Task to complete
Each line of the data has to be retyped exactly as it is.

Record extracts

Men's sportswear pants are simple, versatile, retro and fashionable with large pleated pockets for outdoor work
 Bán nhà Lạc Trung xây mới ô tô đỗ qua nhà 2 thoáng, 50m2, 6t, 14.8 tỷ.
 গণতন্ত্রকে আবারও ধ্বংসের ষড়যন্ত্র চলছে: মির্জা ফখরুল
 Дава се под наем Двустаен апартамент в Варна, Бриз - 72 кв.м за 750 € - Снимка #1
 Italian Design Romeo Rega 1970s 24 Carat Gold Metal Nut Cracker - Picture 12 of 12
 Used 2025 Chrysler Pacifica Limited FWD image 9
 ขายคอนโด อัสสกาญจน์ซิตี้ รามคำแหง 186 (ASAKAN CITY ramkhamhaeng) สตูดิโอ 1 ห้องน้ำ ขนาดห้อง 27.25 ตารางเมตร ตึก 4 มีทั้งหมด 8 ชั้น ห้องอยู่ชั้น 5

Result of this task
Men's sportswear pants are simple, versatile, retro and fashionable with large pleated pockets for outdoor work
 Bán nhà Lạc Trung xây mới ô tô đỗ qua nhà 2 thoáng, 50m2, 6t, 14.8 tỷ.
 গণতন্ত্রকে আবারও ধ্বংসের ষড়যন্ত্র চলছে: মির্জা ফখরুল
 Дава се под наем Двустаен апартамент в Варна, Бриз - 72 кв.м за 750 € - Снимка #1
 Italian Design Romeo Rega 1970s 24 Carat Gold Metal Nut Cracker - Picture 12 of 12
 Used 2025 Chrysler Pacifica Limited FWD image 9
 ขายคอนโด อัสสกาญจน์ซิตี้ รามคำแหง 186 (ASAKAN CITY ramkhamhaeng) สตูดิโอ 1 ห้องน้ำ ขนาดห้อง 27.25 ตารางเมตร ตึก 4 มีทั้งหมด 8 ชั้น ห้องอยู่ชั้น 5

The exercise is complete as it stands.